In Spagna si è aperto un dibattito sulla riforma delle residenze per anziani sulla base del modello dei paesi del Nord Europa.
Pablo Iglesias, vicepresidente del Ministero dei diritti sociali, auspica che, terminata l’emergenza coronavirus, si possa – su tali basi – rivedere lo schema attuale.
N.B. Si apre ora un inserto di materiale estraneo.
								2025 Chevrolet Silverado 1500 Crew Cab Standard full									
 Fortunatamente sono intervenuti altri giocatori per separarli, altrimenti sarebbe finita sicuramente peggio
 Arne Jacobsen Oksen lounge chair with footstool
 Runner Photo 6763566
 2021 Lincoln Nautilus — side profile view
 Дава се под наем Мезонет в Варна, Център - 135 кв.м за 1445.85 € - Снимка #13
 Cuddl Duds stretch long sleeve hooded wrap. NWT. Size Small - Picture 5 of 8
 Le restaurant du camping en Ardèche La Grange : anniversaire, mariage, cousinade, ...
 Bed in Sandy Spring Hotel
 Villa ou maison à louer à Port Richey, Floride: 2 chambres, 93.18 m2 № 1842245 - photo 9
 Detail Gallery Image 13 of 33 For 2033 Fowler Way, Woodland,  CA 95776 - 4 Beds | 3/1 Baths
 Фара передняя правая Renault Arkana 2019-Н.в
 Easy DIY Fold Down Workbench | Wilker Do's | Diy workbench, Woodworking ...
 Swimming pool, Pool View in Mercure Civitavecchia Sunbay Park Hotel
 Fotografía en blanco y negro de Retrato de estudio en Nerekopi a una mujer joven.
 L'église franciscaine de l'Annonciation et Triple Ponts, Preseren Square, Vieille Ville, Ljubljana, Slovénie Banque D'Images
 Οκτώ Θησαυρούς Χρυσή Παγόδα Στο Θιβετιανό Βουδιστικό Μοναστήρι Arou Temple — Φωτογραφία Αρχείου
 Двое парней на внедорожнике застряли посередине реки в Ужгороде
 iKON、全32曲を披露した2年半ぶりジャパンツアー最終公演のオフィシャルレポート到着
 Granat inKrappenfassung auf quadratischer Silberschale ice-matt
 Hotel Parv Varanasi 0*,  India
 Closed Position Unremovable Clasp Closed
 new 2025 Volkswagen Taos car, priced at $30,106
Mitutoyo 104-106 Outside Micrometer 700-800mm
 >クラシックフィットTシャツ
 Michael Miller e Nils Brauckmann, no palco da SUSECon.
Mayte Sancho, psicologa ed esperta in geriatria, e il direttore di inforesidencia.com, Josep de Martì, che hanno analizzato il welfare di Svezia e Danimarca, e sono giunti alla conclusione che, per raggiungere quei parametri, bisognerebbe procedere ad un radicale cambio di passo.
Cominciando dall’ammontare del denaro che lo stato destina a ciascun posto letto, decisamente inferiore nella penisola iberica, e passando per una riconversione dei moduli abitativi stessi, che dovrebbero essere riconvertiti in “luoghi di convivenza”.
Il modello nordico
Secondo la dottoressa Sancho il modello nordico si è perfezionato con il passare del tempo. I paesi scandinavi hanno una tradizione di welfare che risale agli anni ’70 e già a cavallo fra gli anni ’80 e ’90, hanno iniziato trasformare le grandi soluzioni abitative in residenze più piccole, difendendo il diritto degli individui anziani a vivere non già in una struttura asettica, ma in una vera e propria abitazione.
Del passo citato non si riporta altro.